Społeczeństwo szwedzkie jednak zdecydowanie nie ulega szantażom Putina i dzięki jego działaniom i próbom zakłócania porządku i bezpieczeństwa szwedzkiego ponad połowa, bo aż 51 procent szwedzkich obywateli jest za członkostwem, a 27 procent jest nadal przeciwne wejściu kraju skandynawskiego do sojuszu obronnego. Jest to takie samo zjawisko, jak w przypadku Finlandii, gdzie jeszcze pod koniec 2021 roku mogliśmy zauważyć tendencje antysojusznicze wobec NATO i poparcie dla tej inicjatywy oscylowało w granicach 20-30 procent, czyli dokładnie odwrotnie, jak widoczne jest to teraz. Szwedzka opozycja w kontrze do ówczesnej sytuacji i nastrojach w społeczeństwie dość mocno naciska na rząd co do akcesji, wysuwając, aby rząd premier Magdaleny Andersson wprowadził „opcję NATO”, czyli szwedzką deklarację polityczną, która w znacznym stopniu otworzy Szwedzką drogę ku członkostwu w sojuszu obronnym. Ale patrząc na działania opozycji i jej naciski względem natychmiastowej akcesji należy przyjrzeć się temu od strony partii rządzącej. Czy natychmiastowe wprowadzenie „opcji NATO” nie stworzyłoby w tym momencie jeszcze większego zagrożenia dla bezpieczeństwa regionu? W momencie jasnych deklaracji i wdrożeniu takiej opcji przez Szwecję rosyjskie „straszaki” w postaci prowokacji morskich i powietrznych mogłyby się w regionie nasilić co nie byłoby obecnie na rękę żadnej opcji politycznej.
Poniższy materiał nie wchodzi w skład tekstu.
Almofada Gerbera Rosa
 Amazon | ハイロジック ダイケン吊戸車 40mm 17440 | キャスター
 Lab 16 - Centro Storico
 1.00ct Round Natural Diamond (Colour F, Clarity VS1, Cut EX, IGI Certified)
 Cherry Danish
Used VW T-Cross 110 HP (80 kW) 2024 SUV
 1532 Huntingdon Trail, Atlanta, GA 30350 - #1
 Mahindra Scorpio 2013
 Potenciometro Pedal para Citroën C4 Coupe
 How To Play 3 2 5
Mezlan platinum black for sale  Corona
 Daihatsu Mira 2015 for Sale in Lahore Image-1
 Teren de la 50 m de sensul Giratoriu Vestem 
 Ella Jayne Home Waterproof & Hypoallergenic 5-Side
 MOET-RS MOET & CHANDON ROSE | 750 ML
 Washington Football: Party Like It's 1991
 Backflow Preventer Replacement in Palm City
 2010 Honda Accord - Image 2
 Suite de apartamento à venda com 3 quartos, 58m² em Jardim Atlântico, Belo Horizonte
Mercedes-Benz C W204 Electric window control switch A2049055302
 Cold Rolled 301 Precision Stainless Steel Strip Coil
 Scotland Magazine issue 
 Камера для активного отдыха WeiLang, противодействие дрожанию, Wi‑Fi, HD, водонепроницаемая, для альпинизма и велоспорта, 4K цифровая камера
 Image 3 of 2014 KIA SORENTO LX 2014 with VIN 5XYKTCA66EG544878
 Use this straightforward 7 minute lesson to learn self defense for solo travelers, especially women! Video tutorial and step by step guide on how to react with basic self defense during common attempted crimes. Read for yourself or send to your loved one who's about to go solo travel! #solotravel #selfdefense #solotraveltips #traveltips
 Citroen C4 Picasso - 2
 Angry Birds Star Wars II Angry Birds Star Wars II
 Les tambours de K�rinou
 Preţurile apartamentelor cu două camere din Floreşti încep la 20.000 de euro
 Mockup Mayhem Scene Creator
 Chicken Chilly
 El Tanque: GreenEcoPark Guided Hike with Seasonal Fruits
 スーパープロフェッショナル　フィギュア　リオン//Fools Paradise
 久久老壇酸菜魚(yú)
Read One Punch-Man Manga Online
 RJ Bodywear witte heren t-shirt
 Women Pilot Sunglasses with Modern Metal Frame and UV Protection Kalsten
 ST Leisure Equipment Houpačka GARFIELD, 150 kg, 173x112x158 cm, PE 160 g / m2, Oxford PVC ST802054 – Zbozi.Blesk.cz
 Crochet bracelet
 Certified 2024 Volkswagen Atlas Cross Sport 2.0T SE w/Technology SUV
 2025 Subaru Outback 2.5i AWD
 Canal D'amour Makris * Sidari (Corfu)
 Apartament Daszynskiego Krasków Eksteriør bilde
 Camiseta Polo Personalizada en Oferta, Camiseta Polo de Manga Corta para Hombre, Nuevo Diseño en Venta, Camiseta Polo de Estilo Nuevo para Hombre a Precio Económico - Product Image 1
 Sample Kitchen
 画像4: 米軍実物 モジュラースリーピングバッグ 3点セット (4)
Należy więc zadać sobie na koniec zasadnicze pytanie, czy dojdzie do przełomu w polityce bezpieczeństwa Szwecji i Finlandii w następnych miesiącach, czy obecny entuzjazm i poparcie dla członkostwa w NATO to tylko efekt emocji związanych z rosyjską agresją na Ukrainie? Otóż, patrząc na politykę obu krajów pomimo nacisków opozycji wśród rządzących panuje raczej przekonanie, iż akcesja do NATO zaogniłaby sytuację na wschodzie Europy, a co za tym idzie mogłoby to nie zagwarantować rzeczywistej gwarancji bezpieczeństwa w regionie skandynawskim, gdzie już od wielu lat mamy do czynienia z licznymi prowokacjami, a każda nieprzemyślana decyzja i zbyt pochopne działania stworzą dodatkowe preteksty dla propagandy rosyjskiej do jeszcze bardziej wzmożonych działań przeciwko tym dwóm państwom neutralnym.